Information supplied:
*** Block opens ***
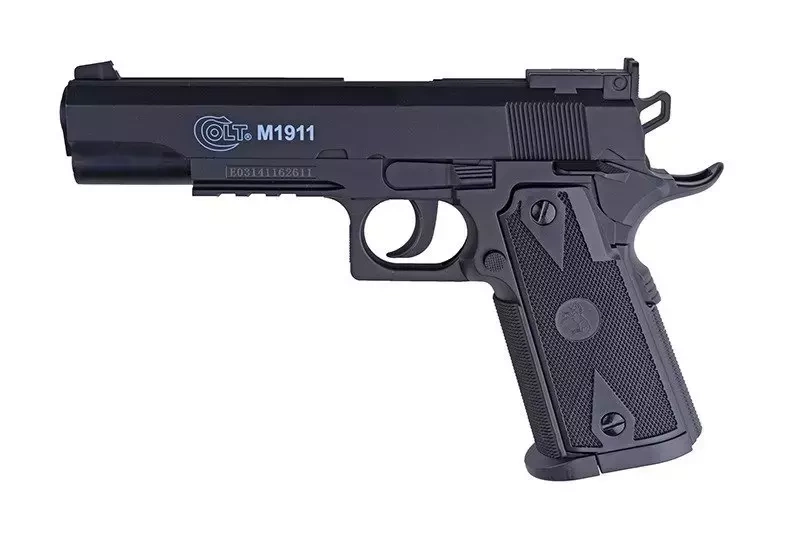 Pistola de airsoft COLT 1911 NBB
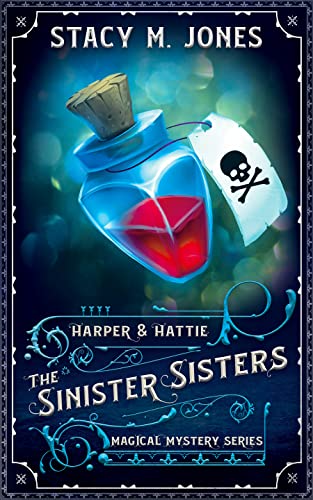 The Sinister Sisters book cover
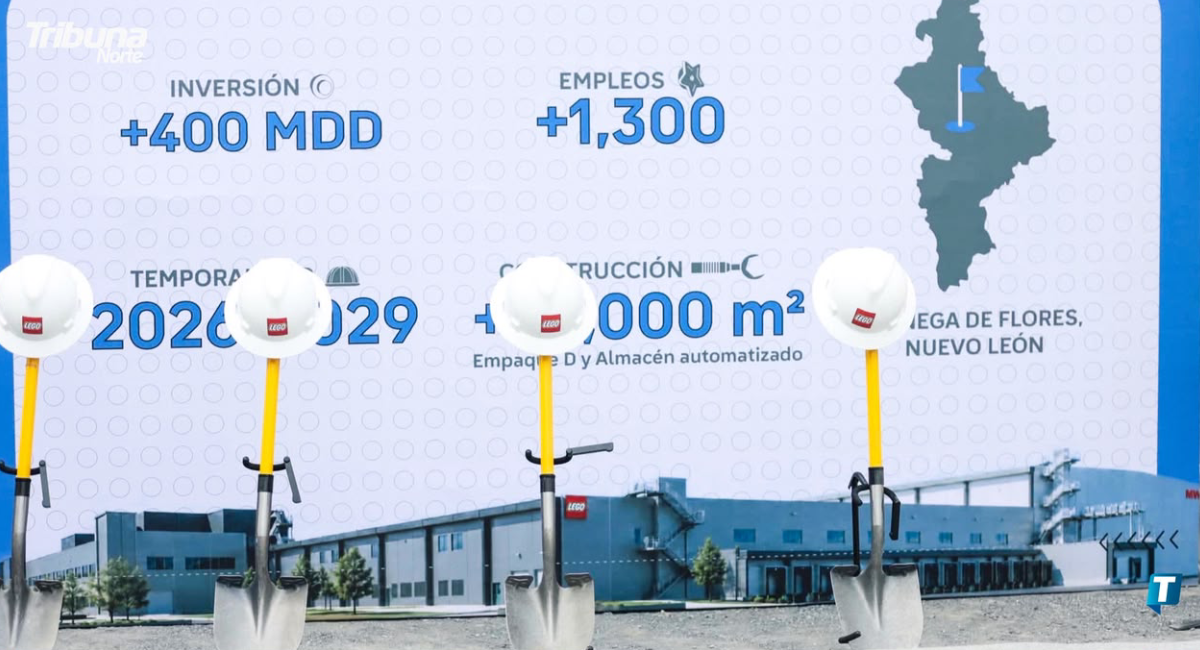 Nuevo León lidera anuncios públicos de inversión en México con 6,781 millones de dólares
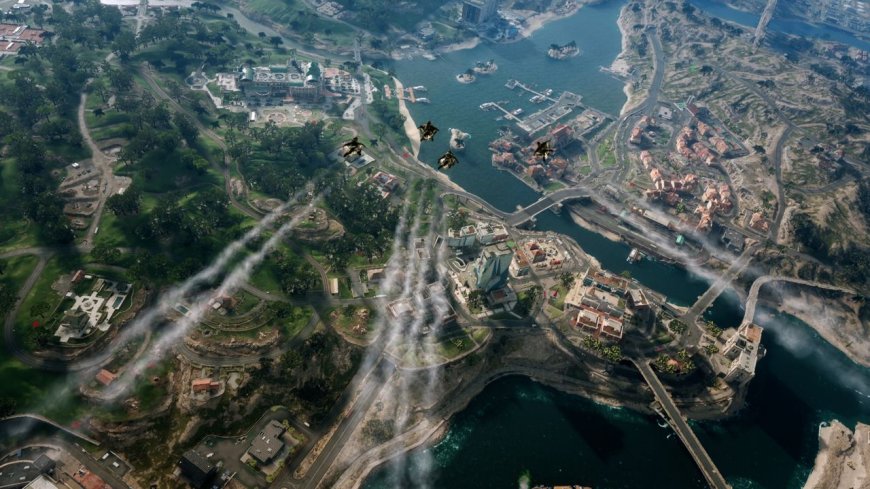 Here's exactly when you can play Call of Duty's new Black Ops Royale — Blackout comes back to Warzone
*** Block closes ***
What the exercise asks:
Please take the lines from the beginning of the data above through the line holding "Nuevo León lidera" and transcribe them exactly, without any pictures.

Output below:
 Pistola de airsoft COLT 1911 NBB
 The Sinister Sisters book cover
 Nuevo León lidera anuncios públicos de inversión en México con 6,781 millones de dólares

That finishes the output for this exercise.